◆ **Excerpted data**
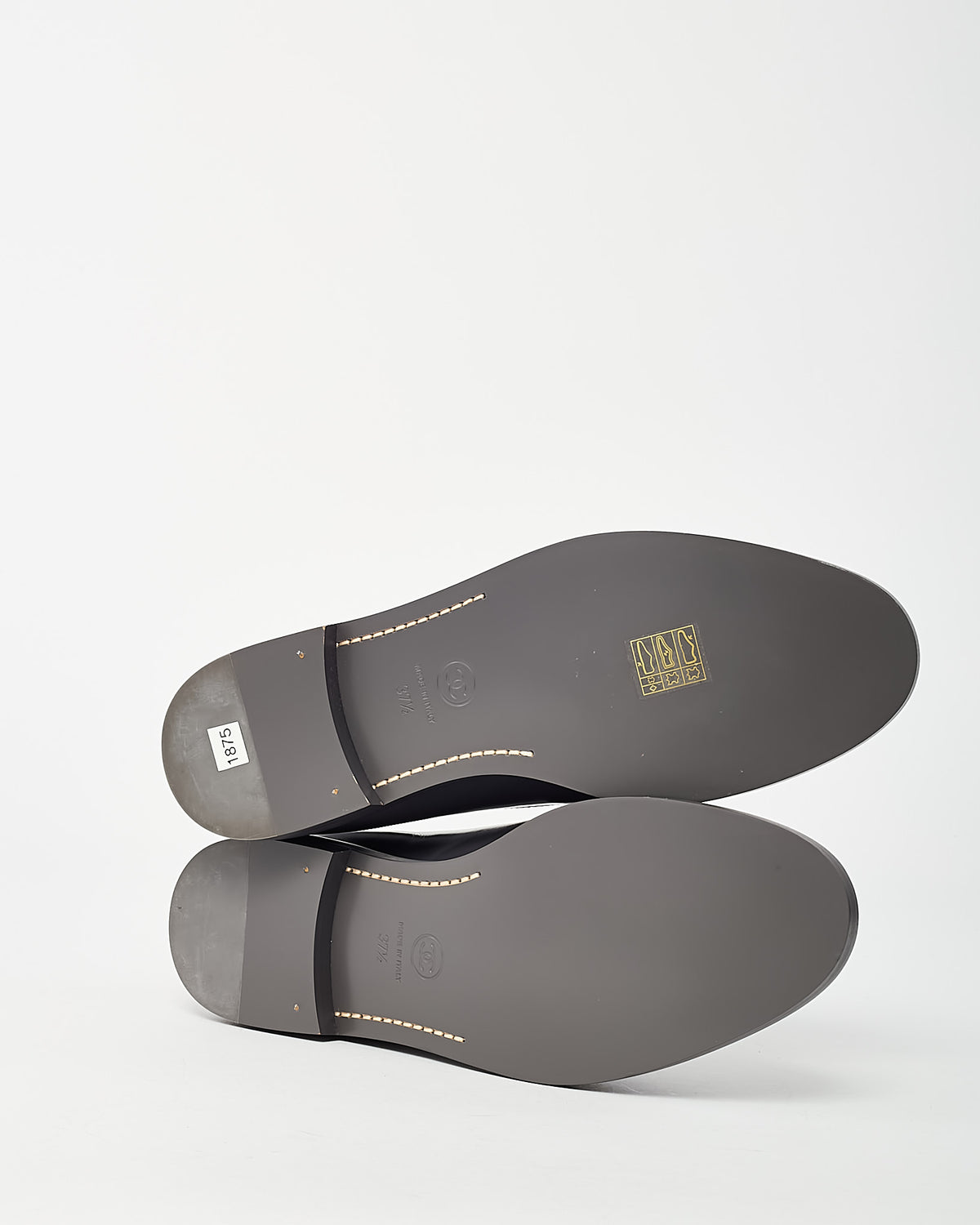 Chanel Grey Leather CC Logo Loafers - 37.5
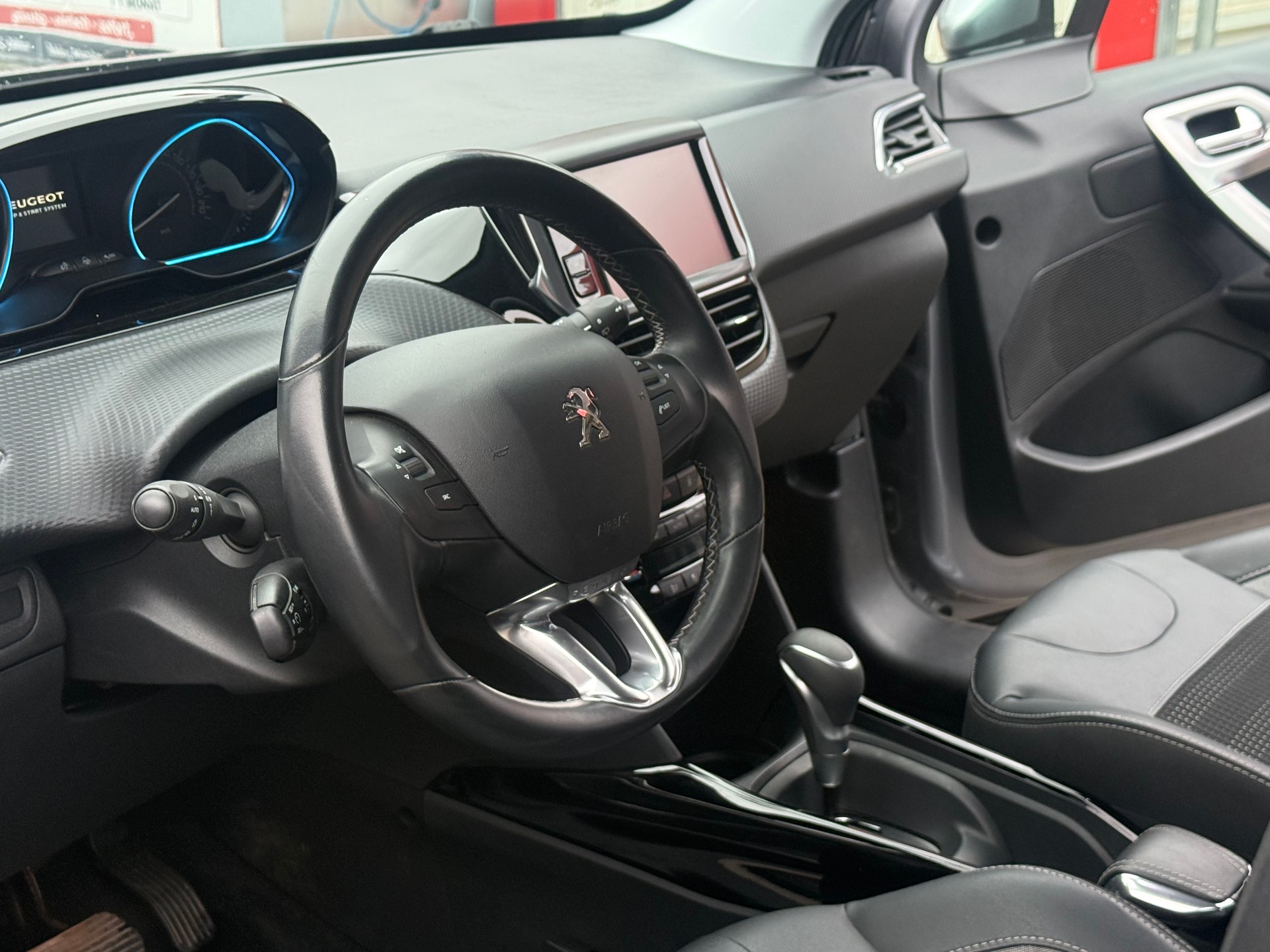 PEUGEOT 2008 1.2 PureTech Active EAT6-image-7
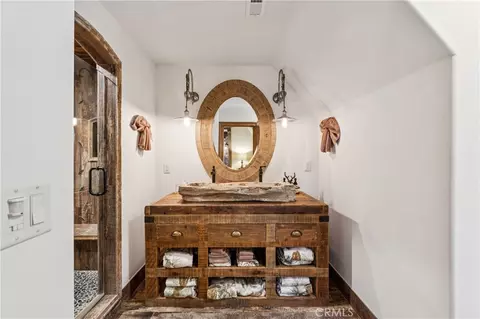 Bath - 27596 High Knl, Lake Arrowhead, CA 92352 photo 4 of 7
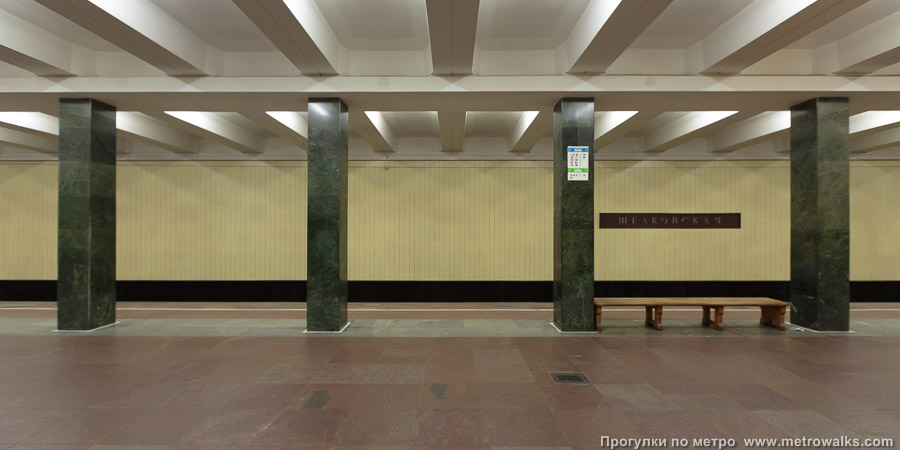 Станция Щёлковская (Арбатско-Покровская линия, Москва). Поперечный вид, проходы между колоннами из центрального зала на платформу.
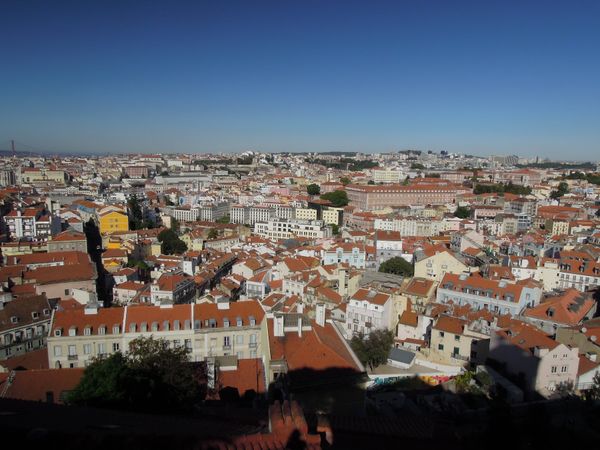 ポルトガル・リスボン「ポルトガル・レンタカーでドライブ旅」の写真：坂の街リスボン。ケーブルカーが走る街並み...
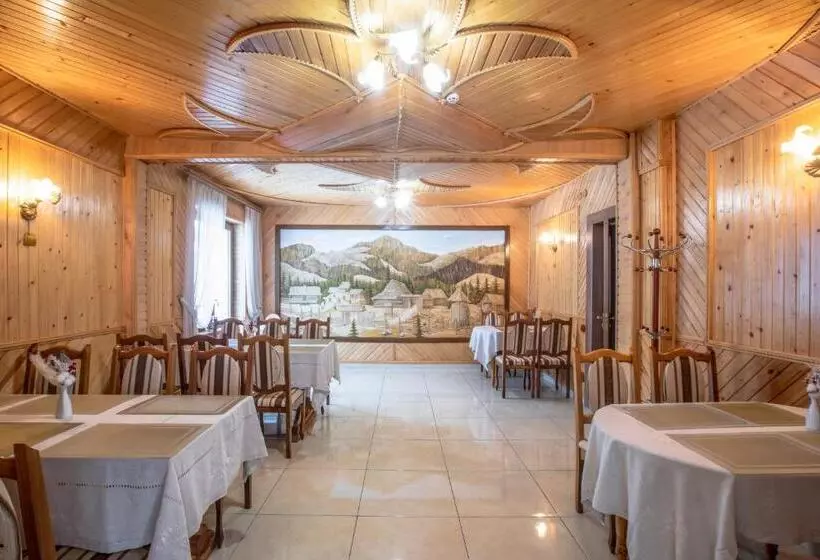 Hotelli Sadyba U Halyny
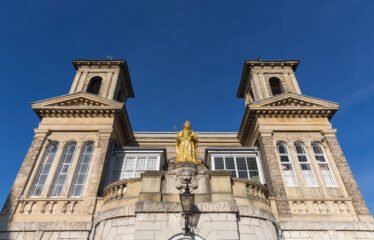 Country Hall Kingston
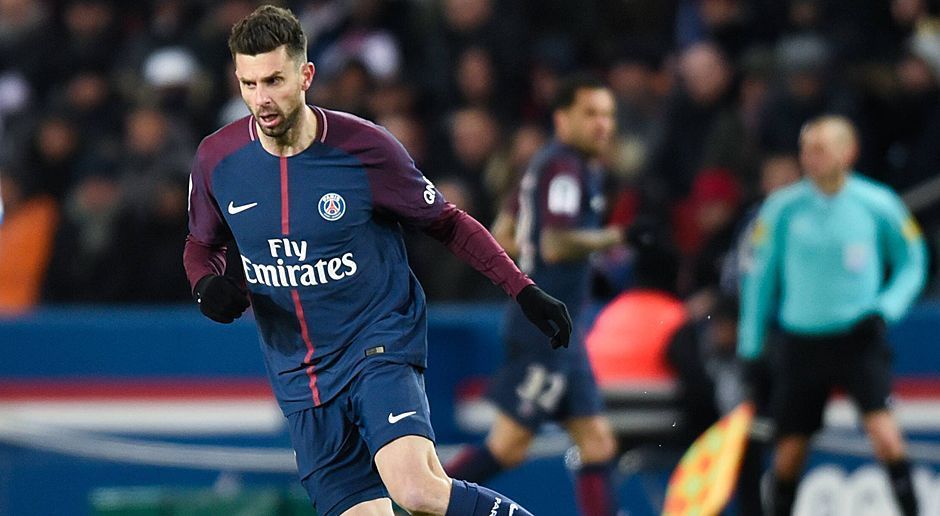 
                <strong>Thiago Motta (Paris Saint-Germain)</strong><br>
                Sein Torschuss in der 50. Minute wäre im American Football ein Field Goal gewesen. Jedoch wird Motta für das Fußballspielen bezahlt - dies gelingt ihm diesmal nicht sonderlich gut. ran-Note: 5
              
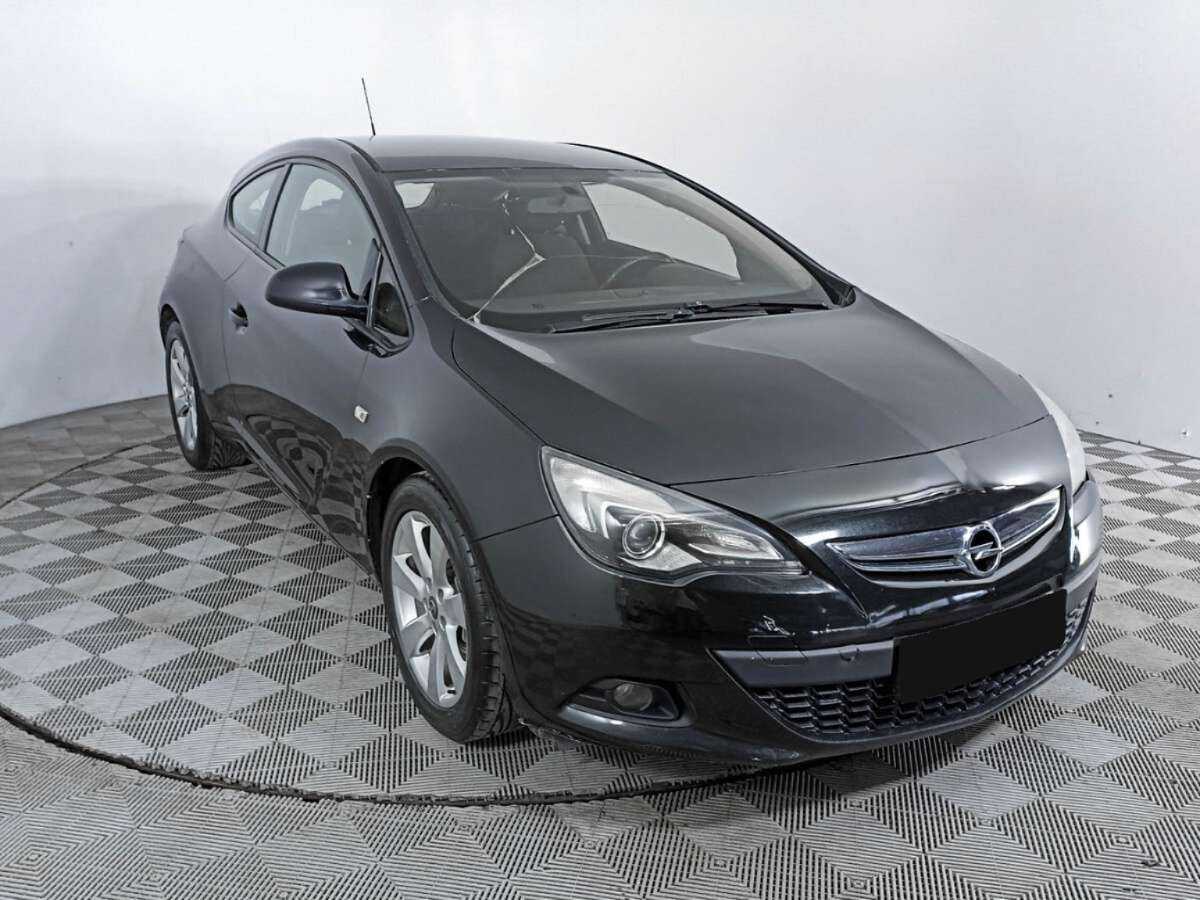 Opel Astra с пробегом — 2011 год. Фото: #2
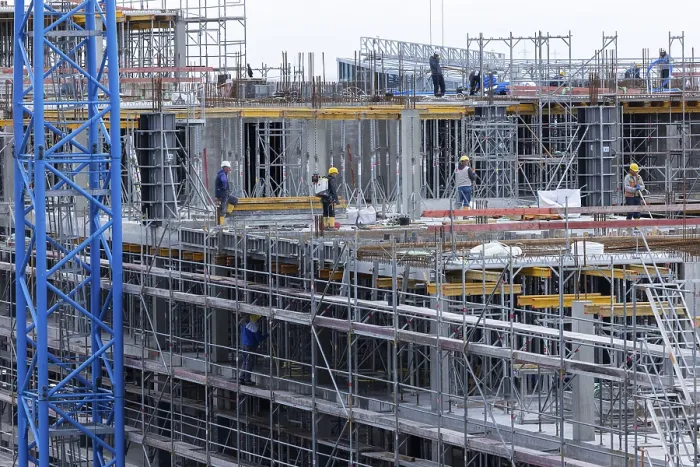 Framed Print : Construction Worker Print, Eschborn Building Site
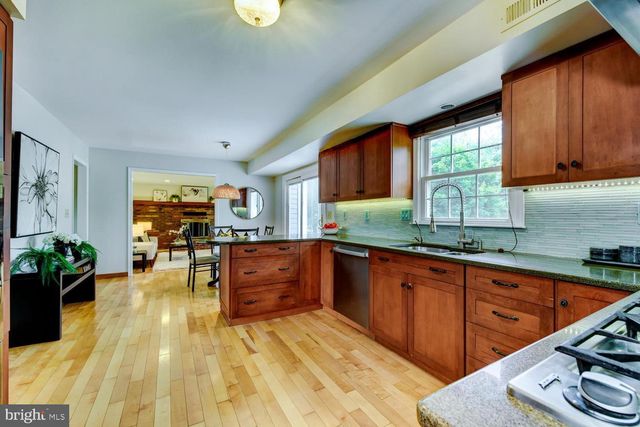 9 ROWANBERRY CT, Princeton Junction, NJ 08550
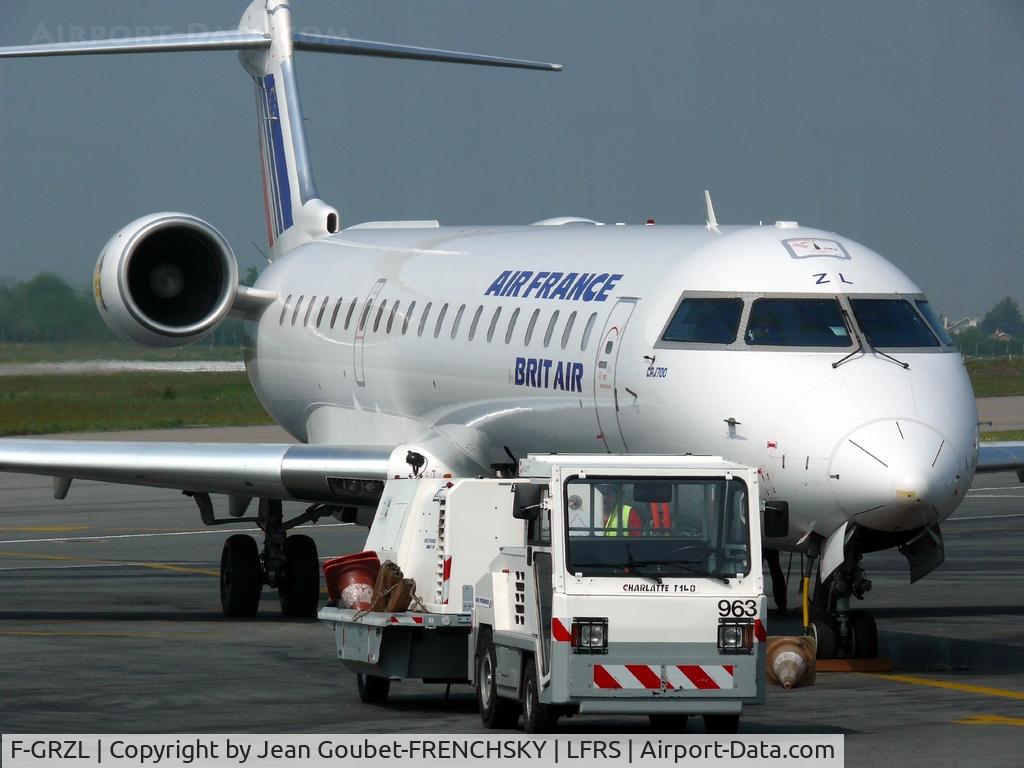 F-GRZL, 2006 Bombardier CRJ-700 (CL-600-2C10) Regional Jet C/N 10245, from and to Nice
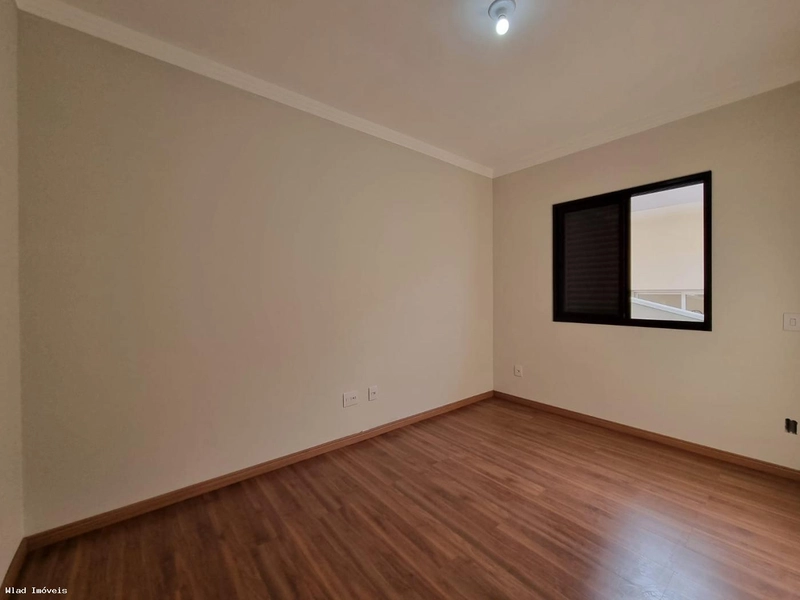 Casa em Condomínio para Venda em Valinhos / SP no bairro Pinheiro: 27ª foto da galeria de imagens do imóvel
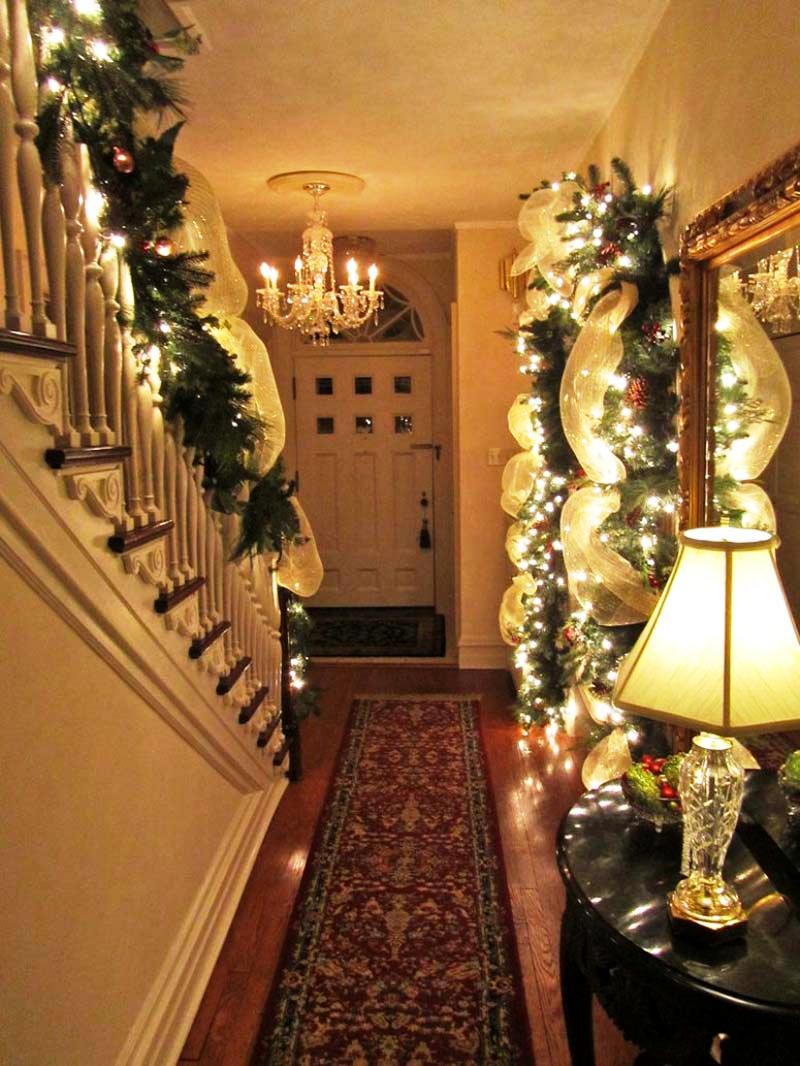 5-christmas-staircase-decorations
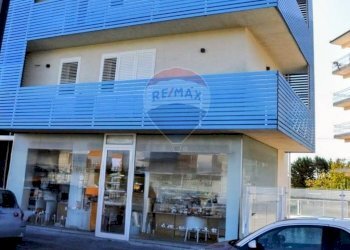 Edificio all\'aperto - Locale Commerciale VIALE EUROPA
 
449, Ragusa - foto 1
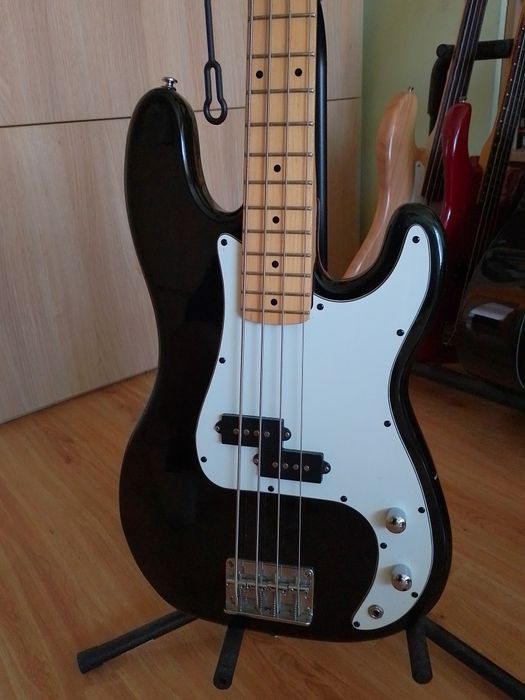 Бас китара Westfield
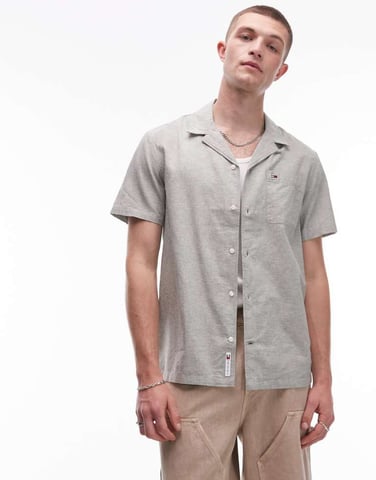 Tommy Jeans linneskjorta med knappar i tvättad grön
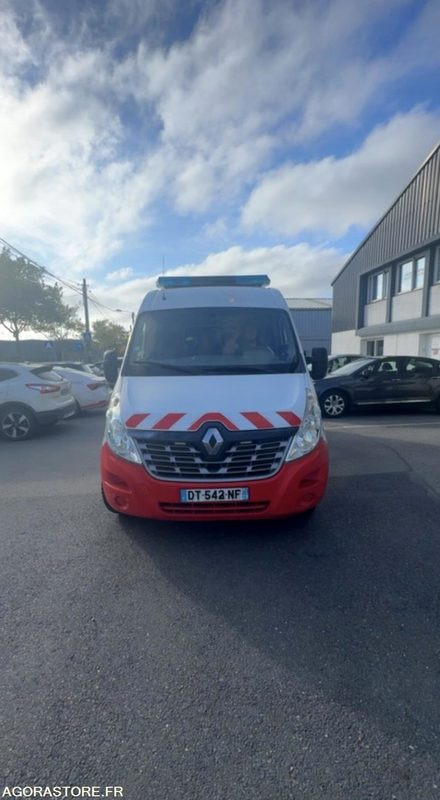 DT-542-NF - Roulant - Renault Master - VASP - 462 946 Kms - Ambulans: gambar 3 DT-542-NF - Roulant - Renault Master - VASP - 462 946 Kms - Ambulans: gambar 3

◆ **What is required**
Your task is to collect every line above that contains the word "Motta".

◆ **Answer for the task**
                <strong>Thiago Motta (Paris Saint-Germain)</strong><br>
                Sein Torschuss in der 50. Minute wäre im American Football ein Field Goal gewesen. Jedoch wird Motta für das Fußballspielen bezahlt - dies gelingt ihm diesmal nicht sonderlich gut. ran-Note: 5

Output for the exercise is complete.